# Republishing problem



## lanmi.slate (Dec 24, 2011)

Hi everyone,
I have a problem with Flickr publishing service. I thought that I'll solve this if I become Pro, but every time I change title, tag or caption and republish it, I lose comment and view information. It also appears as new picture in my photostream. I don't want that!!
What am I doing wrong? :(


----------



## clee01l (Dec 24, 2011)

Welcome to the forum.   A couple of questions:  Are you using s Flickr Pro Account now?  the non-pro Account does not permit image replacements. So all comments are lost everytime LR republishes. 

Which Flickr Publish Service are you using?  The one that Ships with LR? Or the JfFlicker Plugin that is more robust and has a more complete function set?


----------



## lanmi.slate (Dec 24, 2011)

Thanks 
I'm using Pro account and Simple LR Publishing service. That's why I don't understand why he always removes all the comments?
Is it because i'm using it only one day? Bought yesterday...


----------



## clee01l (Dec 25, 2011)

I hope that I am clear on your issue.   You are using the Pro Account in Flickr.  You are using the Publish Service that ships with LR.  Your Existing Flickr imags are now being added as new by the Flickr Publish Service. 

The Flickr Publish Serivce that ships with LR does not have the caapbility to 'claim' existing Photos  on Flickr.  Jeffrey Freidl's jfFlickr can do this but you must initialize the Publish Service in Plugin Manager (See the settings panel "Syncing Flickr Data". 

Let me know if I have described your issue or if I have missed something


----------



## lanmi.slate (Dec 25, 2011)

Thanks, you understood my problem. And thanks for letting me know about jfFlickr! 
But I'm still don't understand what does it have to do with LR?
When LR sends request for publish or re-publish (through Flickr API), it's quite logical that Flickr is the one who decides (based upon account type), if the pictures will lose their comments and be published as new pictures or not. Does LR dialog not prove that?? (With a free non-pro Flickr account, all comments and ratings will be lost on updated photos). I'll remind that I have lost all comments and ratings on my updated photos, with pro account (plus, new image appearance).
If that's are the facts, I think that LR must somehow to inform users that its Publish Service doesn't do everything even if user have pro account. 
I was mislead by its message dialog, and bought pro account instead of buying jfFlickr.
But, as you said, and as I understood, combination of pro account and jfFlickr provides real working comfort.
Am I missed something now?


----------



## clee01l (Dec 25, 2011)

Publish Services was first introduced in LR v3. The  included plugins were presented as "demonstration" plugins.  They were made available to show the concept.  They do not have a lot of 'bells & whistles'. OTOH, Jeffery Freidl had been producing Export plugins for Flickr and other services for several years.  They are complex and take advantage of the Flickr API to be able to do things like clam an existing Flickr Photo.
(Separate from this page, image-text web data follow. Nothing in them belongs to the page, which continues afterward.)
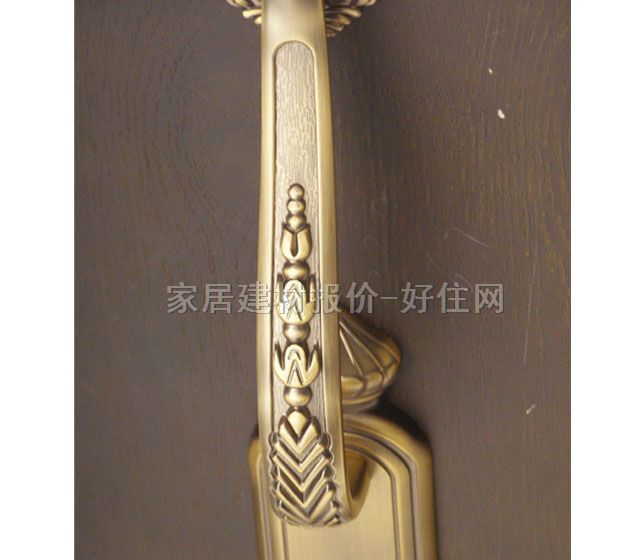 ������ľ�T�i  E8312/DYB 45mm-55mm �Ƚ��\�Ͻ� �����i 僽��\�Ͻ�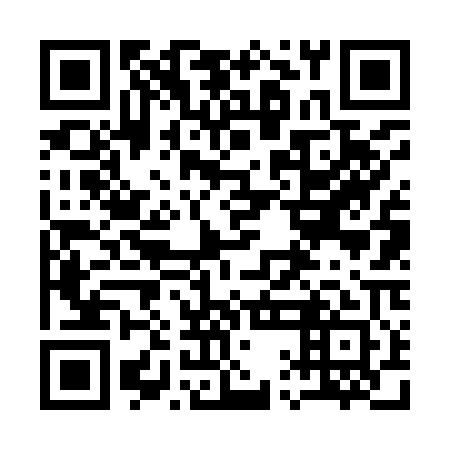 QR code for 11F901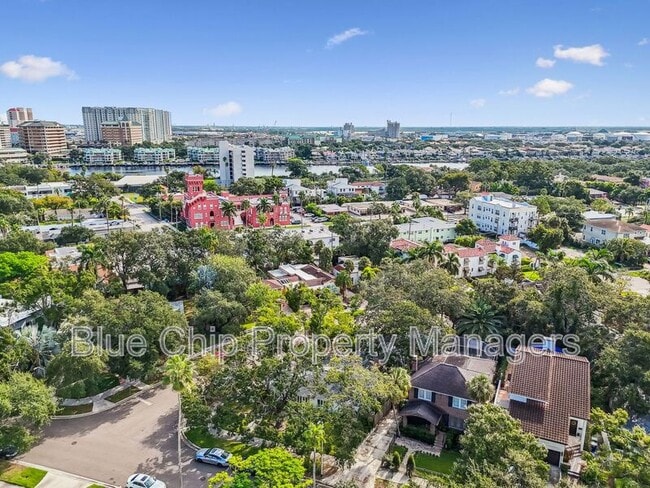 Building Photo - 43 Aegean Ave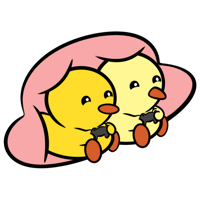 sticker image #14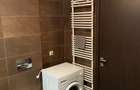 Floreasca, Barbu Vacarescu, Pipera Complex Rezidential Up Ground - 4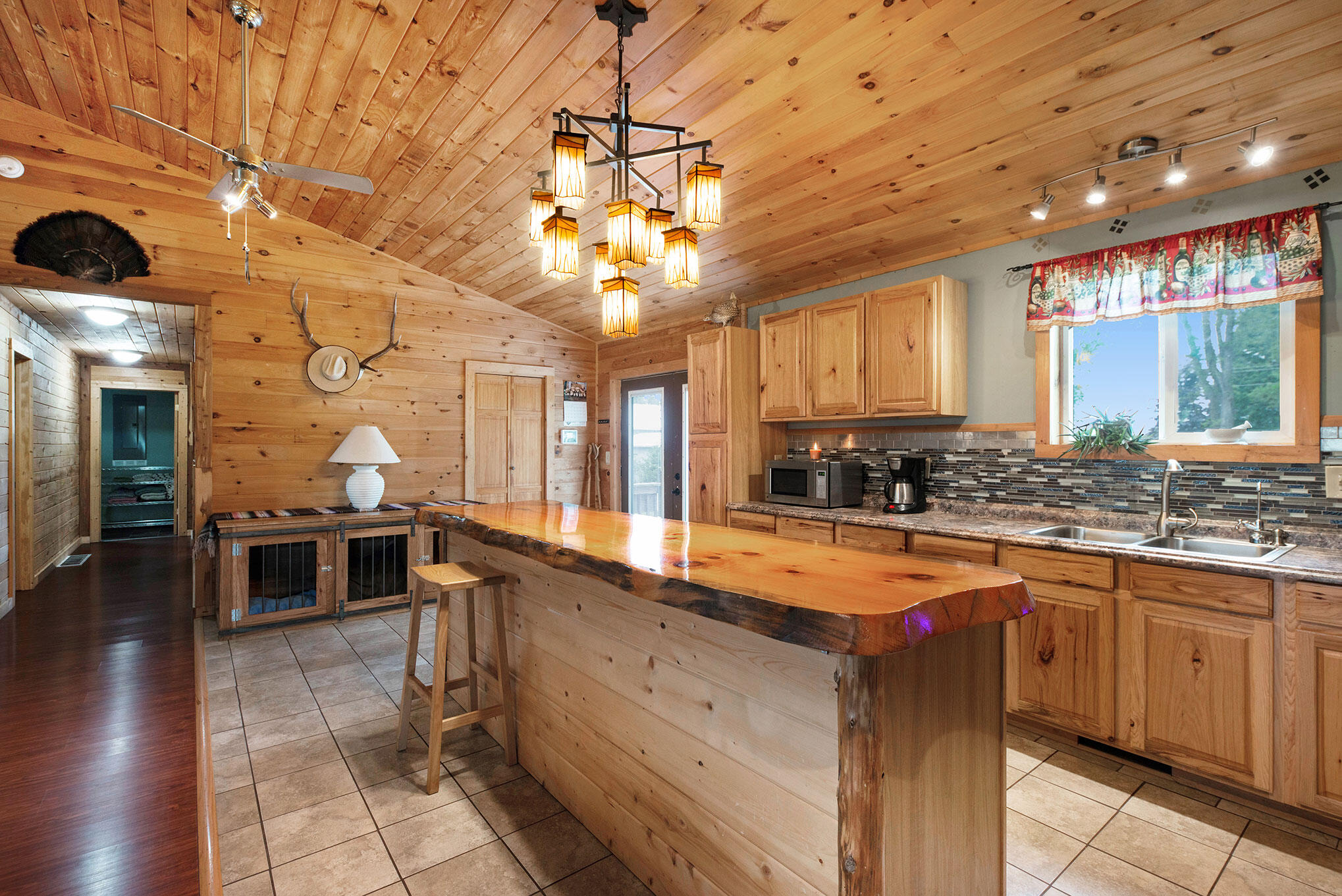 2697 West Jackson Road Hart, MI 49420 - Photo 8 of 43 2697WJacksonRd-15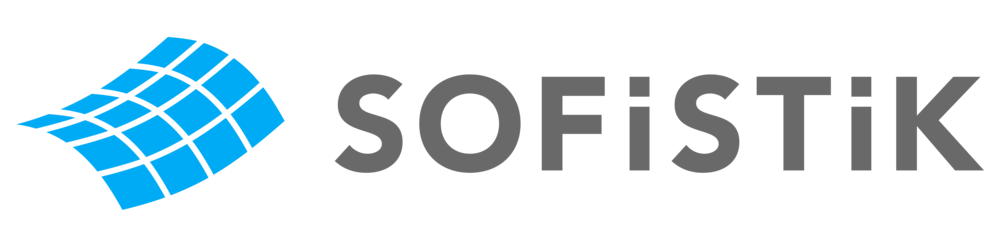 SOFiSTiK eLearning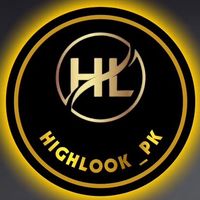 highlook_pk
The Flickr Publish Service that shipped with v3 was never designed to replace the work that Jeffrey had already accomplished. 
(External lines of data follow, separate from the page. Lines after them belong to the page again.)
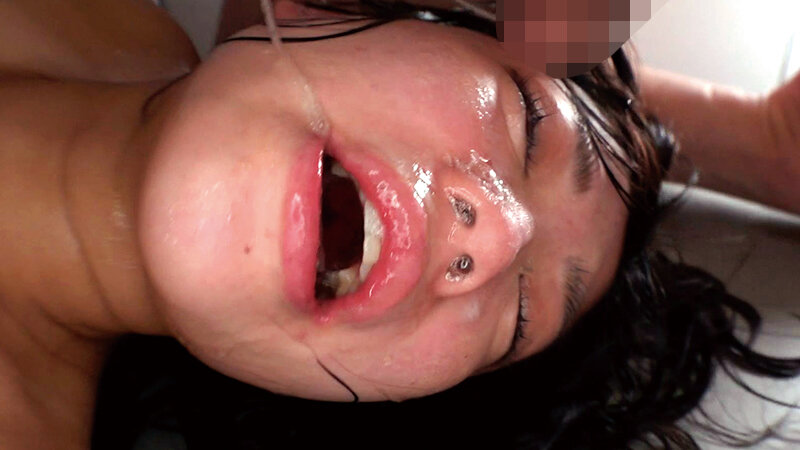 碧那美海 アイキャッチ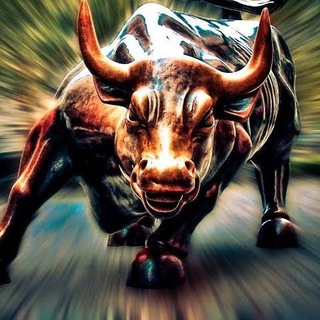 Telegram profile photo for Options 🐂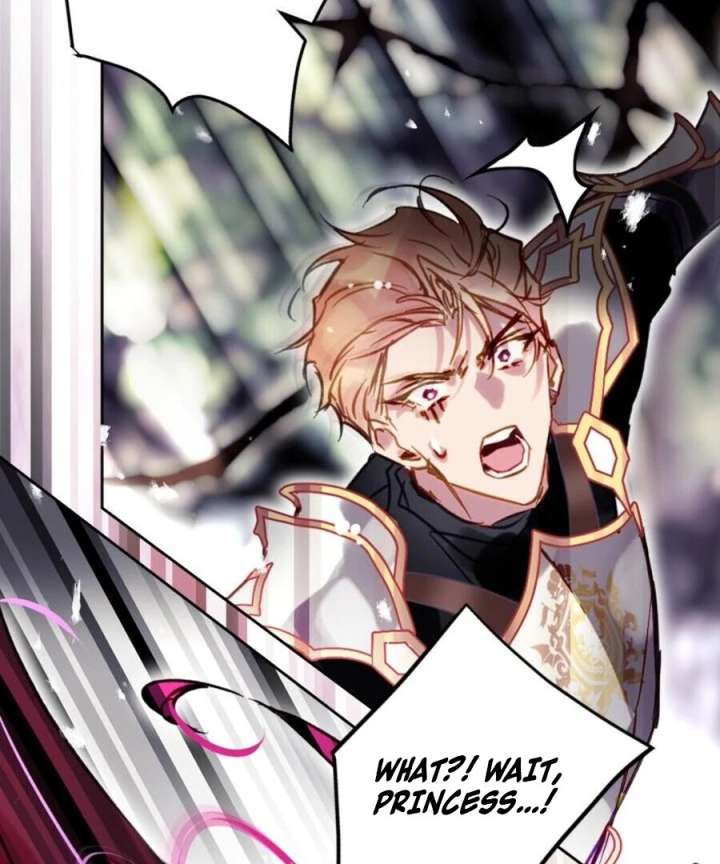 Read Death Is The Only Ending For The Villainess EN Manga Online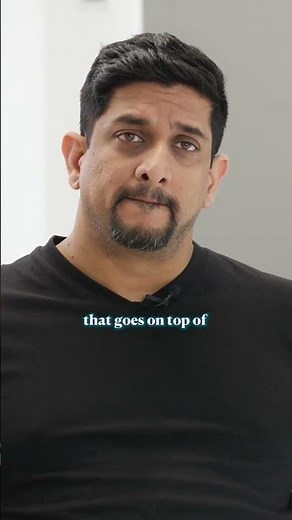 Full v Single Implants | Truly Dental 🦷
There are limitations to the non Pro account that are spelled out in Flickr's TOS. There is little documentation supplied with LR's Flickr plugin. What little there is does not speak to the Flickr Limitations {I think perhaps these developers may not have been aware of them.). jfFlickr plugin has significant online documentation. It does address the shortcomings to the Flickr API and the does discuss the limitations of a non-pro account.


----------



## lanmi.slate (Dec 26, 2011)

Thanks again for the comprehensive response!


----------